Tag Archives: canadian home prices
Housing to cool but not fail
John Shmuel, Financial Post
Canada’s housing market is expected to cool off this year and next, but isn’t at risk of falling victim to a U.S.-style foreclosure crisis anytime soon, says a new report by debt-rating firm DBRS Ltd.
DBRS says in the report Canada will continue to fare well in comparison to its U.S. neighbour when the Canadian housing market corrects itself and interest rates are tightened. That is because lending practices here are much more sound than in the U.S. market.
“The likelihood of us having the kind of situation they had in the U.S. is extremely low,” said Jerry Marriott, managing director of structured finance at DBRS. “It’s a combination of the lending practices prior to the peak in 2007 — they were more restrained, so there were better underwriting practices in Canada. We also think there are a number of factors in the Canadian market which have lent themselves to more prudent lending.”

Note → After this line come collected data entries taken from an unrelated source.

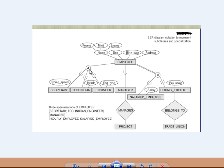That constraint is called a disjoint constraint. If there was an O instead of D, it would be an overlapping constraint — meaning a secretary can be a technician at the same time, or a technician can be an engineer, or an entity could hold all three positions simultaneously. That's what overlapping means: an entity can be a member of more than one subclass. But in disjoint, an entity can be a member of at most one subclass.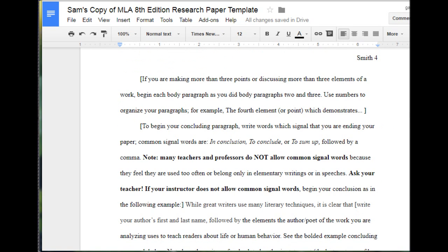Since our thesis statement said we would be making three points, we are now ready to write our concluding paragraph. If our assignment and thesis statement said we would be discussing more points, we would put in additional body paragraphs. Please note that some teachers like students to begin their concluding paragraph by signaling that the paper is nearing the end, while other teachers do not.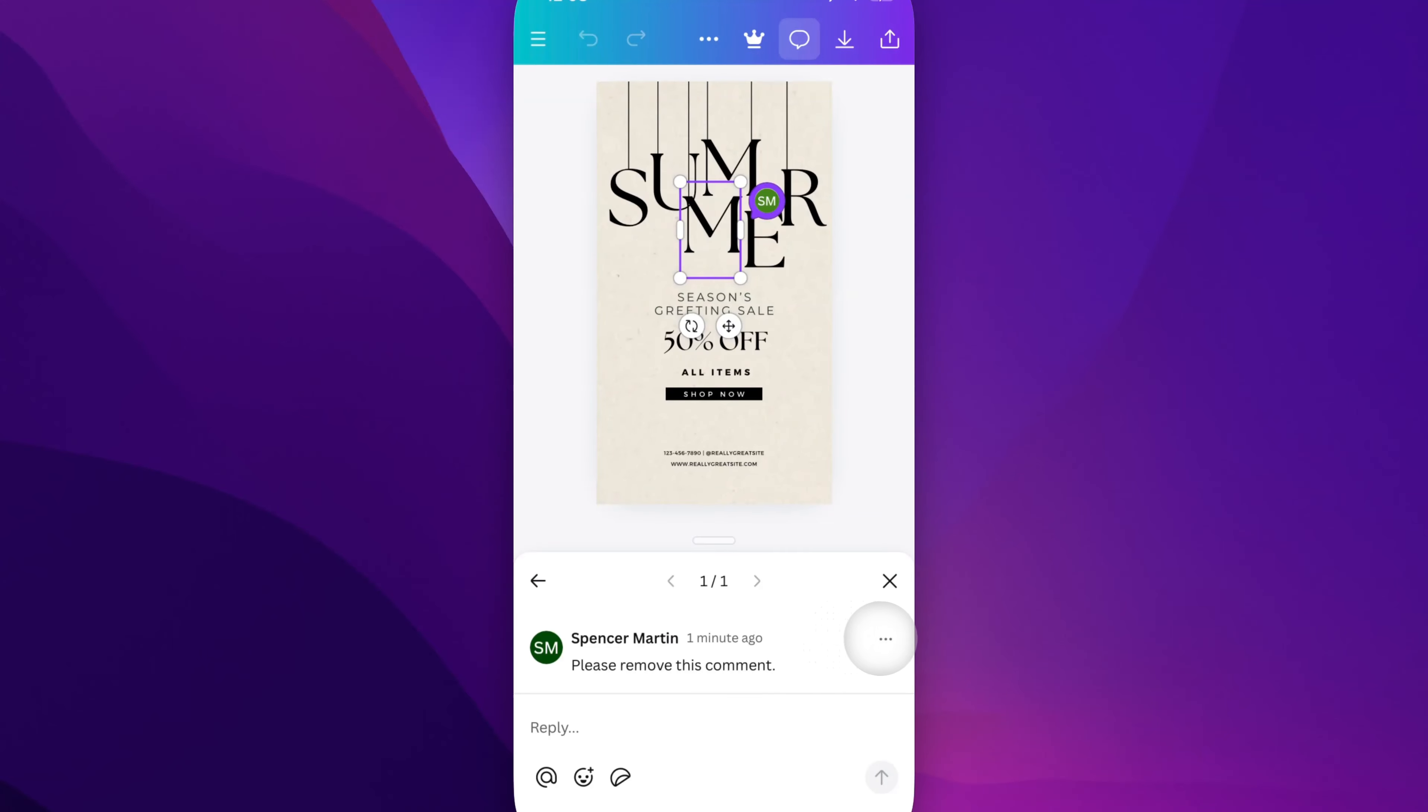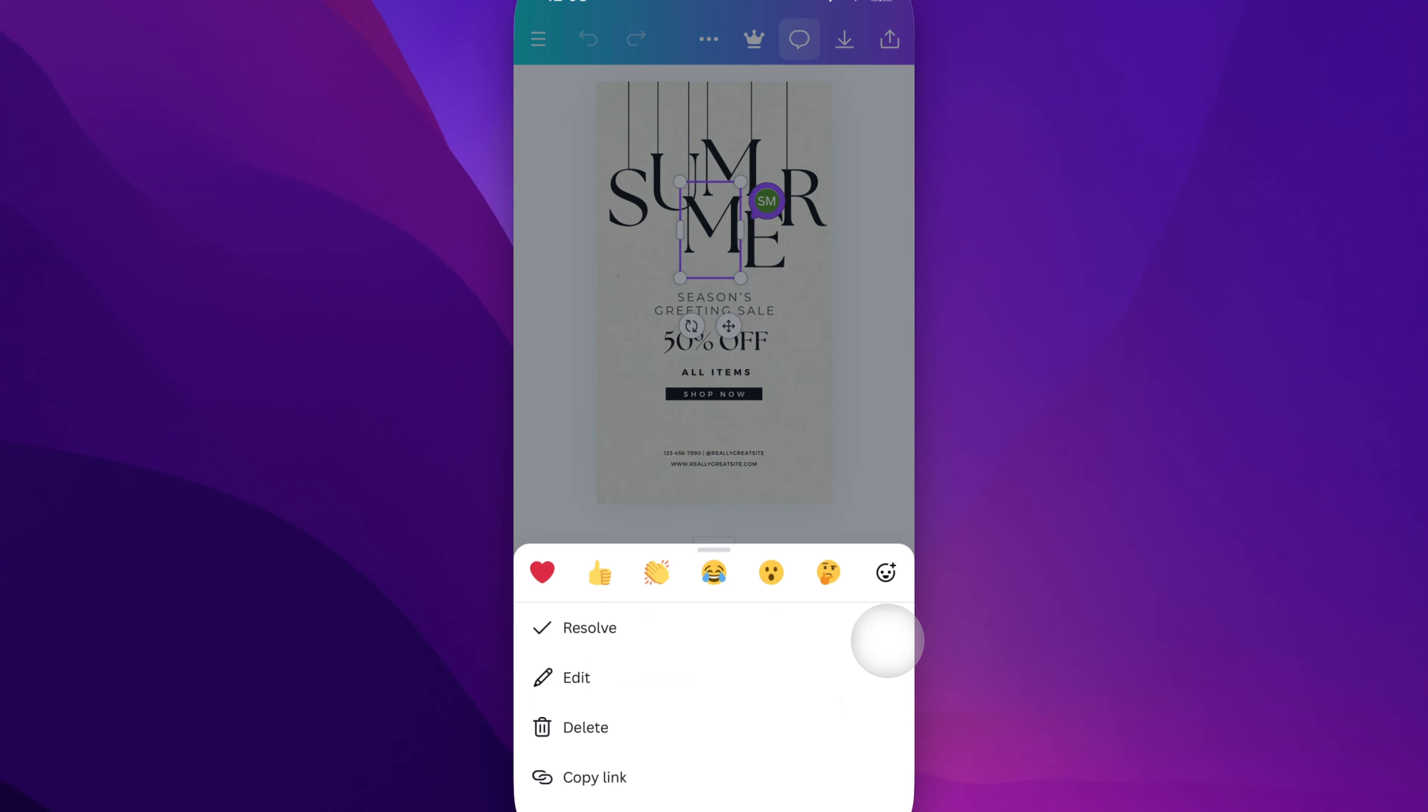Now what you can do with this, with the three dots to the right of the comment, is open up this menu where you can resolve the comment or delete the comment.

Those factors include less aggressive lenders as well as systems designed to keep people paying their mortgages.
Mr. Marriott said a cooling effect is gradually taking hold in the housing market as credit availability begins to tighten, and the HST factors into home buying decisions in Ontario and British Columbia.
That means there’s a greater likelihood this year that there will be a correction in housing prices rather than a continued increase. Mr. Marriott said DBRS expects the market to cool throughout the year and continue to cool into 2011.
“If you add up the factors you would look at as to whether there’s going to be further price increases or the potential for a correction, we don’t see there’s a lot of factors supporting further price increases,” he said. “But there are a number of factors that show there might be some moderation in housing prices.”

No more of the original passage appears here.